Starling Bank chief executive Anne Boden has been steadfast in her resolve never to put the fintech firm up for sale, as she continues to angle toward an eventual IPO for the bank.

Reports emerged over the weekend that traditional banking stalwarts JPMorgan Chase & Co. and Lloyds Banking Group PLC have "expressed interest" in acquiring Starling, which a spokesperson for the startup quickly dismissed.

Exactly what these "expressions of interest" amount to is unclear from the reports in question, but Ms. Boden poured more cold water on the claims while speaking with Financial News at a conference Monday.

The Starling founder reiterated that she had no interest in taking up any past, present or future offers.

"Big banks taking interest in Starling is not new," she said. "I've always said that I didn't do this to sell to a big bank, and nothing's changed.

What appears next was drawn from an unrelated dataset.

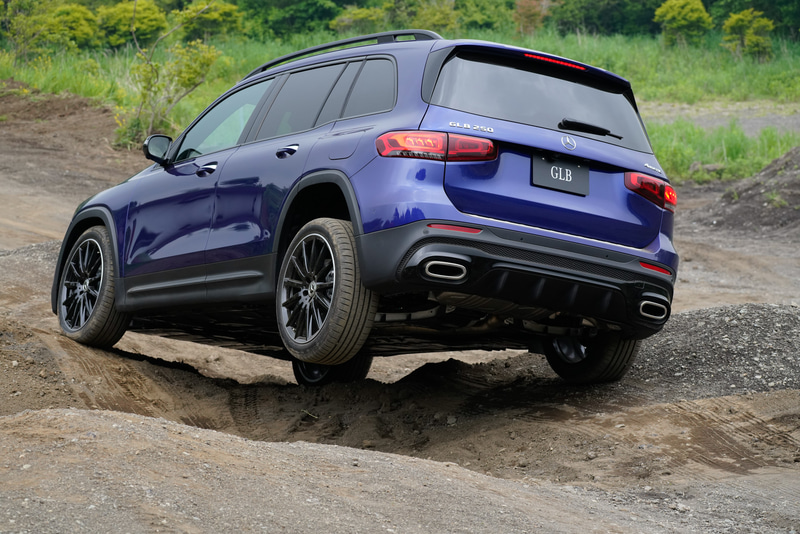 オフロードコースを走行する新型車GLB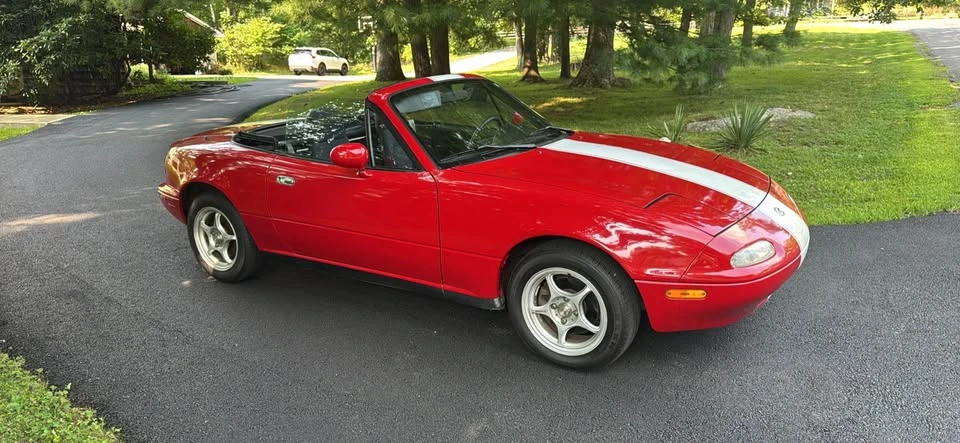 1995 Mazda NA MX-5 Miata - Image 14 of 15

We still have our sights on an IPO."

Ms. Boden also said this wasn't the first time she'd been approached by a U.S. bank about signing a deal, with the rumors having suggested JPMorgan was interested in acquiring Starling as part of plans to set up a consumer bank in the U.K.

Lloyds, meanwhile, was reported by the Times to be after Starling's technology. Ms. Boden believes this to be the young bank's main appeal for traditional lenders considering a bid for its business, particularly now that Starling has reported its first profitable month since it gained a bank license in 2016.

"People are looking at Starling and thinking, you know, wow, they built their own technology. They took a really, really difficult route. They decided to get a banking license, pursue the right customer base, to build the right technology, and now it's paying off. I'm very excited about that."

While Lloyds didn't respond to a request for comment on the report, the person in charge of transforming its retail efforts Stephen Noakes said the lender has set aside roughly 3 billion pounds ($4 billion) for investing in the lender's strategy. A spokesperson for JPMorgan declined to comment.

Ms. Boden has always positioned Starling as a rival to the banks on the high street, despite constant comparisons to its digital peers Monzo and Revolut. But in recent months, that rhetoric has changed in favor of emphasizing Starling's appeal as a technology company--perhaps in an effort to boost the bank's price tag as it attempts to secure $200 million from investors.

So what part of the FTSE index might Starling fall under if it goes public? Technology with the likes of Micro Focus international PLC and Softcat PLC, or finance alongside its reported suitors?

"I think in future, all banks will end up being considered far more as a technology stock," Ms. Boden said. "I think that banks are not glamorous at the moment. I think investors look at banks and think they're very, very hard work. Technology has all the glamour at present."

"But I'm a realist. The only way you can make money and actually have a sustainable business is if you're a bank, and you have the best technology in the world. And that is what we set out to do, and that's what we're doing."

However, don't expect anything concrete on an IPO to appear from Starling any time soon. Ms. Boden wouldn't be drawn on a potential timeframe for a listing, nor how the bank's (undisclosed) private valuation might be altered by becoming profitable.

"We don't need to raise [to cover] our operating costs now. If we did have to raise--and I'm not saying that we're raising--it would be to grow our balance sheet and our European operations. Once you're profitable, you know, hopefully our profits will cover all our costs and we don't need to raise further just to keep going, which gives us a huge amount of independence."